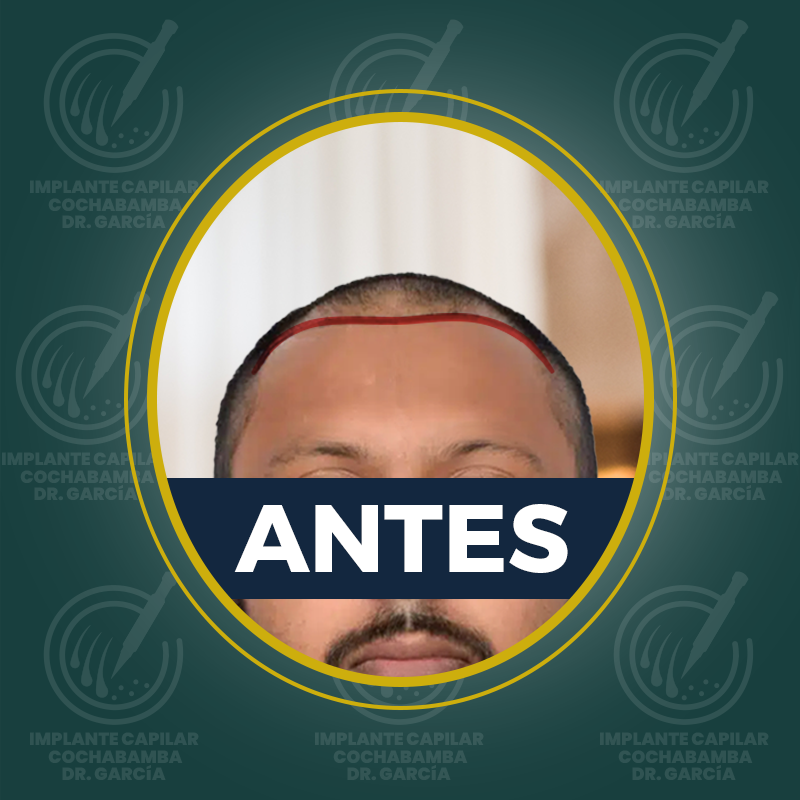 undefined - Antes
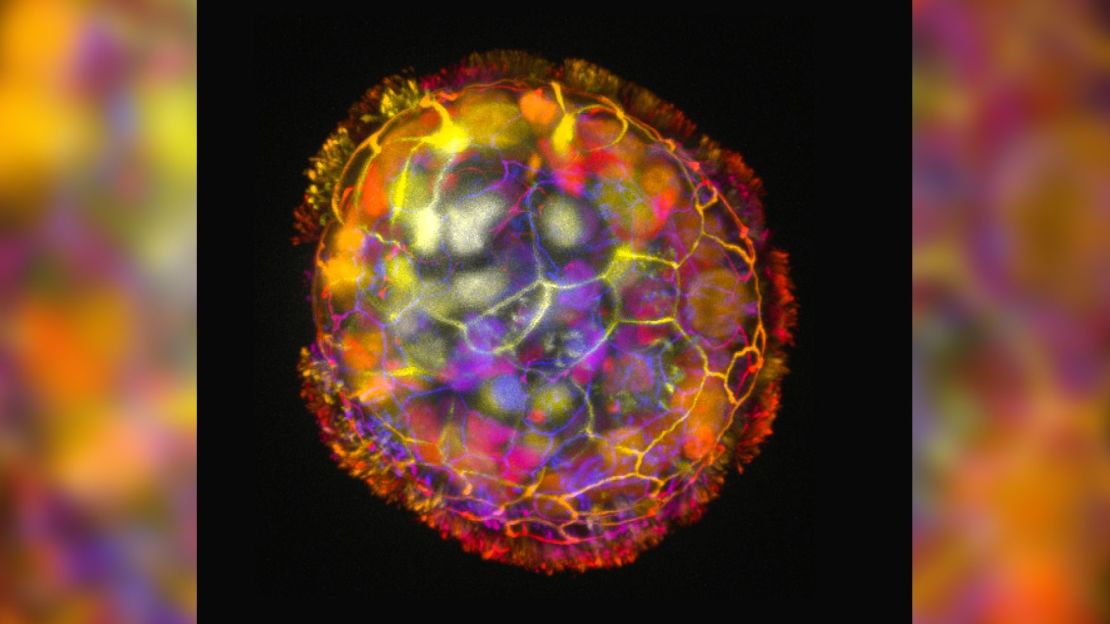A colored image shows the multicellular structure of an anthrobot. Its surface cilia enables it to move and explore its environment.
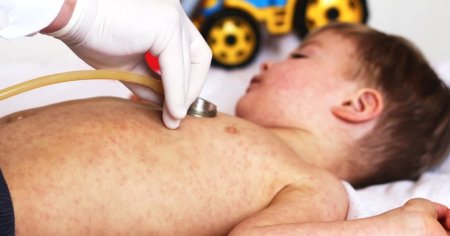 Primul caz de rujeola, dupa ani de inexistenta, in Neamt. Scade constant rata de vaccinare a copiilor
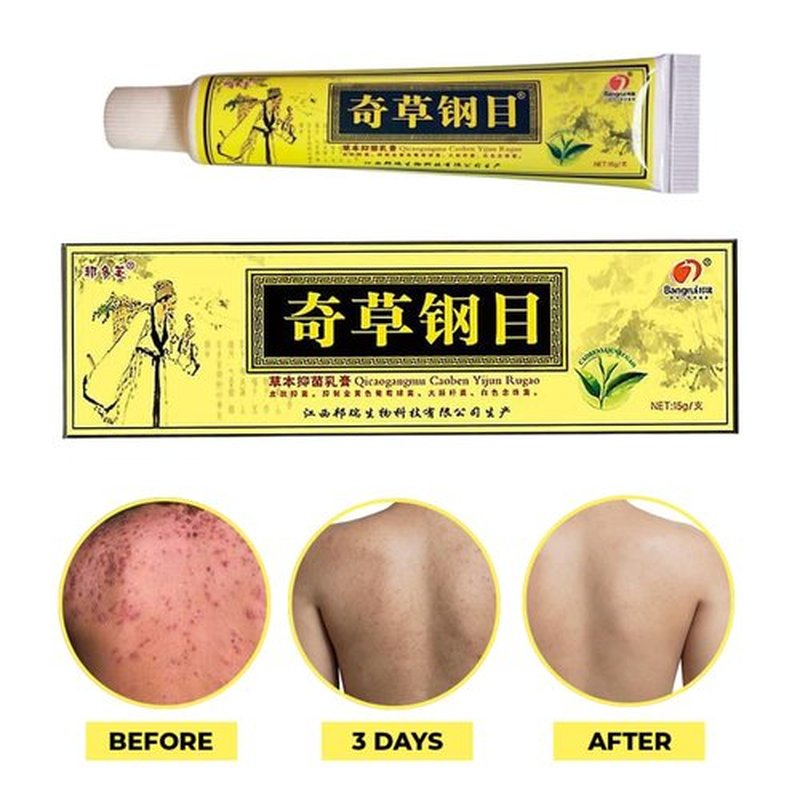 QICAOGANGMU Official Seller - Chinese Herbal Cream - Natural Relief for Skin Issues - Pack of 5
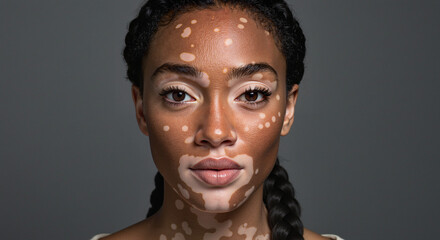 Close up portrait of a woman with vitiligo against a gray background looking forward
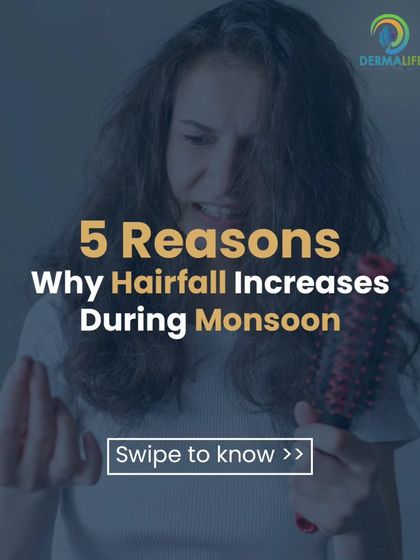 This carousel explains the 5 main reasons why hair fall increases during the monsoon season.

__Task requirements__: Quote everything in the listing above exactly; pictures are the only thing to omit.

__Reply to the task__:
 undefined - Antes
A colored image shows the multicellular structure of an anthrobot. Its surface cilia enables it to move and explore its environment.
 Primul caz de rujeola, dupa ani de inexistenta, in Neamt. Scade constant rata de vaccinare a copiilor
 QICAOGANGMU Official Seller - Chinese Herbal Cream - Natural Relief for Skin Issues - Pack of 5
 Close up portrait of a woman with vitiligo against a gray background looking forward
 This carousel explains the 5 main reasons why hair fall increases during the monsoon season.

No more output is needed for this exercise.